Assignment — Omitting all images, set down every line below exactly as it appears.

Data block —

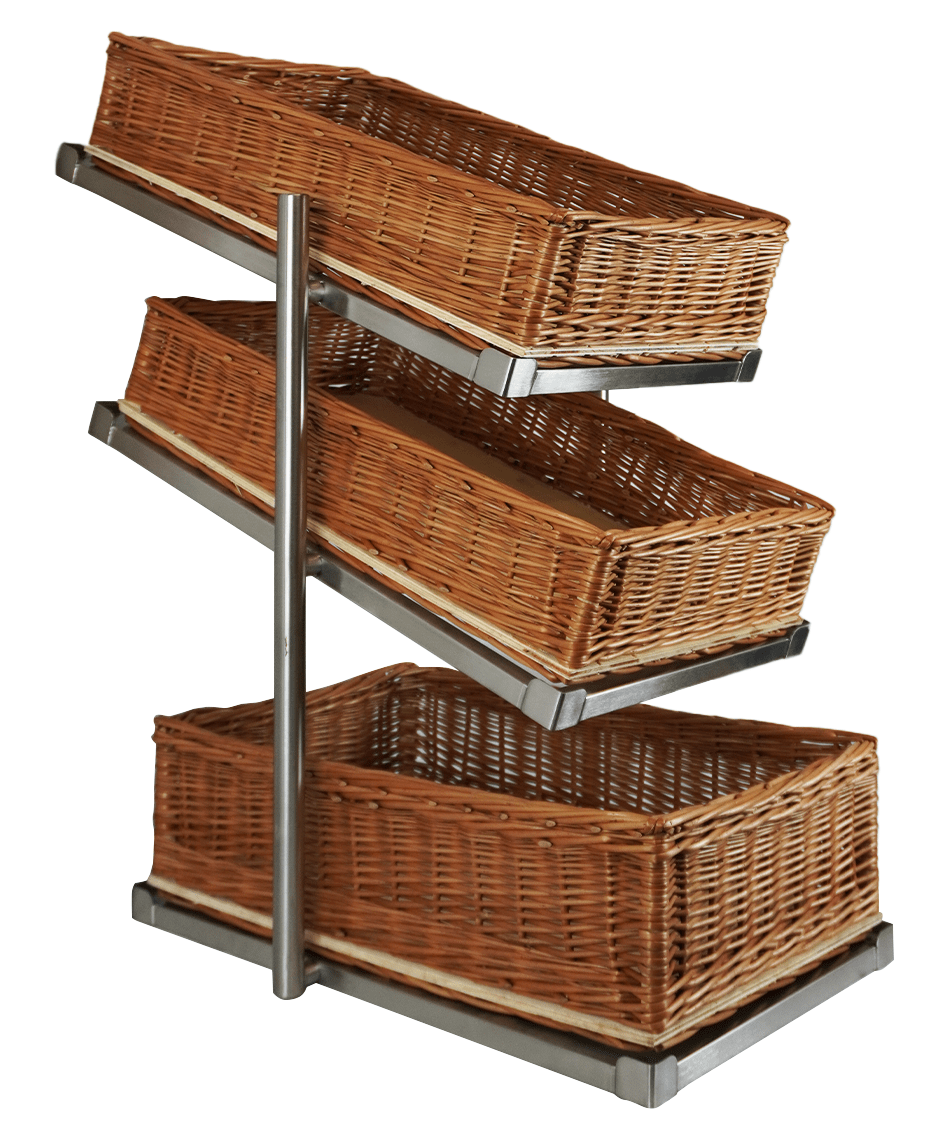 Etasjestativ for brødkurver, 3 nivåer, smal modell, 335x620x760 mm – bilde 3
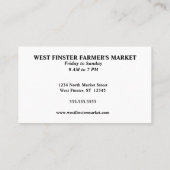 ファーマーズマーケットまたはCSA写真 名刺 (裏面)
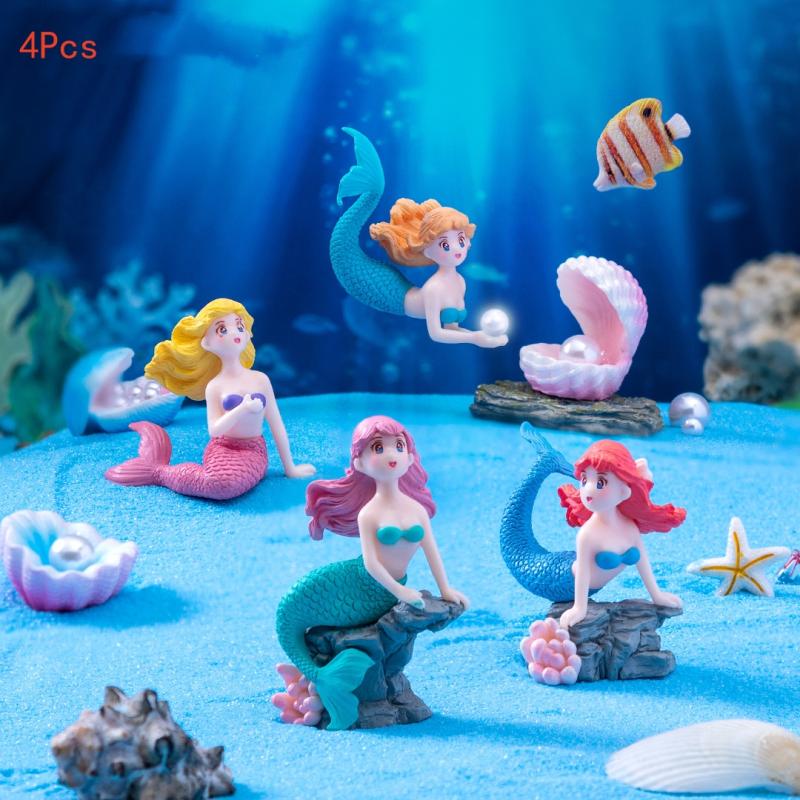 Aquarium Fish To Buy - 4 szt. Plastikowe ozdoby do akwarium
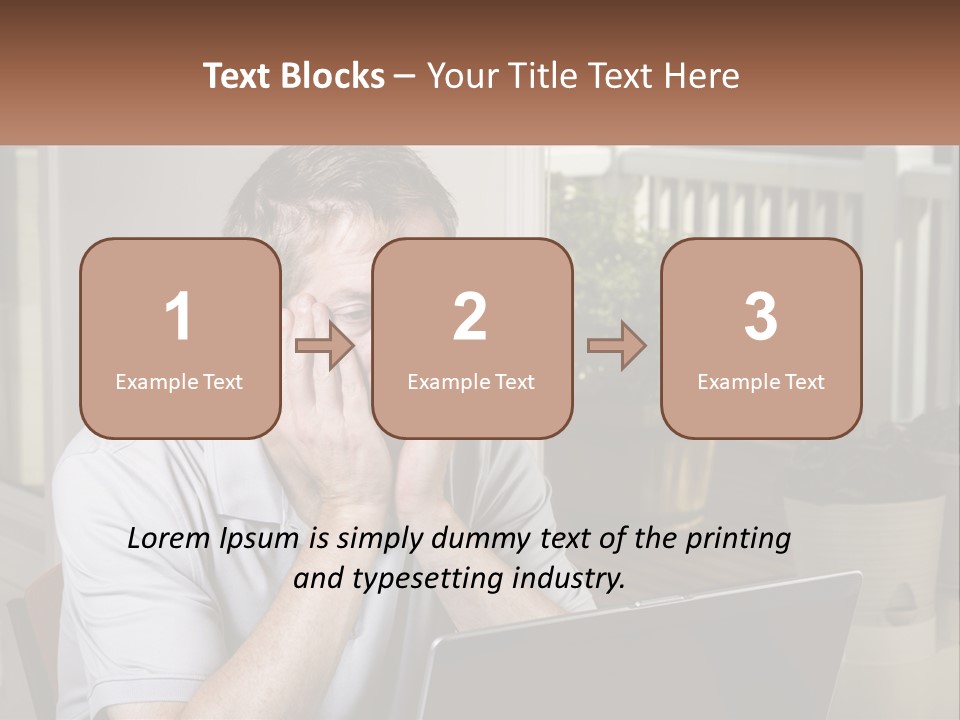 A Man Sitting At A Table With A Laptop In Front Of Him PowerPoint Template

Answer space —
 Etasjestativ for brødkurver, 3 nivåer, smal modell, 335x620x760 mm – bilde 3
 ファーマーズマーケットまたはCSA写真 名刺 (裏面)
 Aquarium Fish To Buy - 4 szt. Plastikowe ozdoby do akwarium
 A Man Sitting At A Table With A Laptop In Front Of Him PowerPoint Template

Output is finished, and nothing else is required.